Friday 26 August 2011

Dawkins on Perry

I'm not particularly enamored of Richard Dawkins, for the most part. I admire the efforts of damn near anyone whose goal is to make science and reason - as opposed to faith and "morality" - the cornerstones of modern society; but his zealotry on behalf his own atheism is often a bit too close to what it aims to oppose. However, when he's right... he's right.

Writing for the Washington Post, Dawkins takes current GOP frontrunner Rick Perry to task for his evolution-denialism; but in the big-picture he's really calling out the strain of anti-intellectualism (masquerading as "anti-elitism") that has infected the modern "conservative" movement in American politics. I find this passage particularly inspiring:

"What is unusual about today’s Republican party (I disavow the ridiculous ‘GOP’ nickname, because the party of Lincoln and Theodore Roosevelt has lately forfeited all claim to be considered ‘grand’) is this: In any other party and in any other country, an individual may occasionally rise to the top in spite of being an uneducated ignoramus. In today’s Republican Party ‘in spite of’ is not the phrase we need. Ignorance and lack of education are positive qualifications, bordering on obligatory. Intellect, knowledge and linguistic mastery are mistrusted by Republican voters, who, when choosing a president, would apparently prefer someone like themselves over someone actually qualified for the job."

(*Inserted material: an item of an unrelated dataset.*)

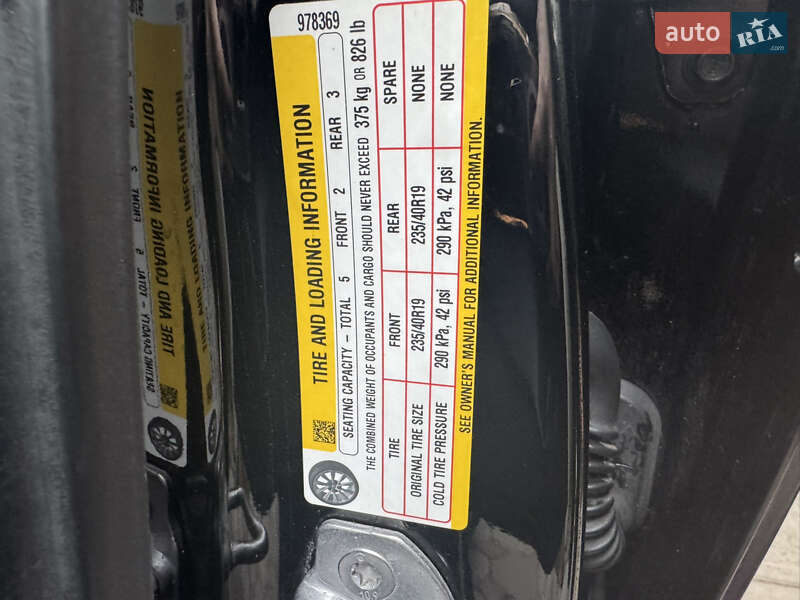 Седан Tesla Model 3 2021 в Одесі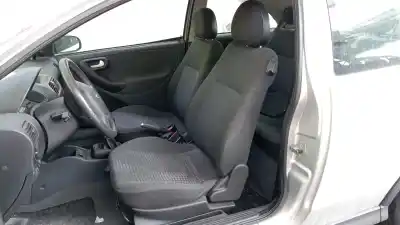 Утилизация автомобиля opel corsa d (s07) 1.4 (l08 l68) года 2003 питание z14xep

To me, regardless of whose saying it, that sums up damn near everything wrong with not only Republican politics but American society in general - we've allowed "normal," "average" and "common" to be seen as not just benign traits but POSITIVE ones. A society that equates someone who attains greatness - particularly intellectual greatness - as somehow being LESS qualified than a "normal" person or a "common-sense" approach is a society that is doomed.

Are we to be a people of Knowledge, and continue forward into the future? Or will we be a people of Belief, consigned to the ashbin of history alongside whatever arcane superstition we refuse to relinquish?